Hacker News new | past | comments | ask | show | jobs | submit login
Abusing AWS Lambda to make an Aussie search engine (boyter.org)
129 points by boyter on Sept 27, 2021 | hide | past | favorite | 28 comments



This is an awesome writeup, thanks for sharing!

A couple thoughts occurred to me as I read the post:

- Lambda functions deployed using Docker images can be up to 10GB.[1] Would that change your math here? I'm curious what the tradeoff would be vs parallelizing more function executions searching smaller datasets on both cost and performance.

- Great notes on the anti-competitive nature of the current market. If there was an open standard on crawling, maybe we'd see more innovation here.

- Cool use of a bloom filter!

1. https://aws.amazon.com/blogs/compute/working-with-lambda-lay...


Maybe. Based on my experiments with lambda I doubt they have enough CPU to deal with the additional space. At the current size it's bumping against the limits of lambda as is.
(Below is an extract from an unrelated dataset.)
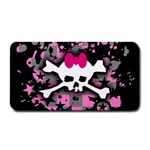 Scene Skull Splatter Medium Bar Mat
Might be possible to switch to something like C++/Rust/C/Zig however to help with this.


Neat!

> Incidentally searching around for prior art I found this blog post https://www.morling.dev/blog/how-i-built-a-serverless-search... about building something similar using lucene, but without storing the content and only on a single lambda.

See also:

Sqlite FTS (no server): https://news.ycombinator.com/item?id=27016630

EdgeSearch (Workers): https://github.com/wilsonzlin/edgesearch

EdgeSql (Workers): https://github.com/lspgn/edge-sql

InfiniCache (Lambda): https://news.ycombinator.com/item?id=25788893

quickwit (Lambda): https://news.ycombinator.com/item?id=27074481

> I had been working on a bloom filter based index based on the ideas of bitfunnel which was developed by Bob Goodwin, Michael Hopcroft, Dan Luu, Alex Clemmer, Mihaela Curmei, Sameh Elnikety and Yuxiong He and used in Microsoft Bing https://danluu.com/bitfunnel-sigir.pdf.

Reminds me of wavelet trees: https://alexbowe.com/succinct-debruijn-graphs/ https://alexbowe.com/wavelet-trees/


The writeup is very detailed and entertaining, and it's refreshing to see some competition to Google!

I tried 2 queries. Vegemite worked great:

https://bonzamate.com.au/?q=vegemite

The (unofficial) national anthem, less so.

https://bonzamate.com.au/?q=%22men+at+work%22+%22down+under%...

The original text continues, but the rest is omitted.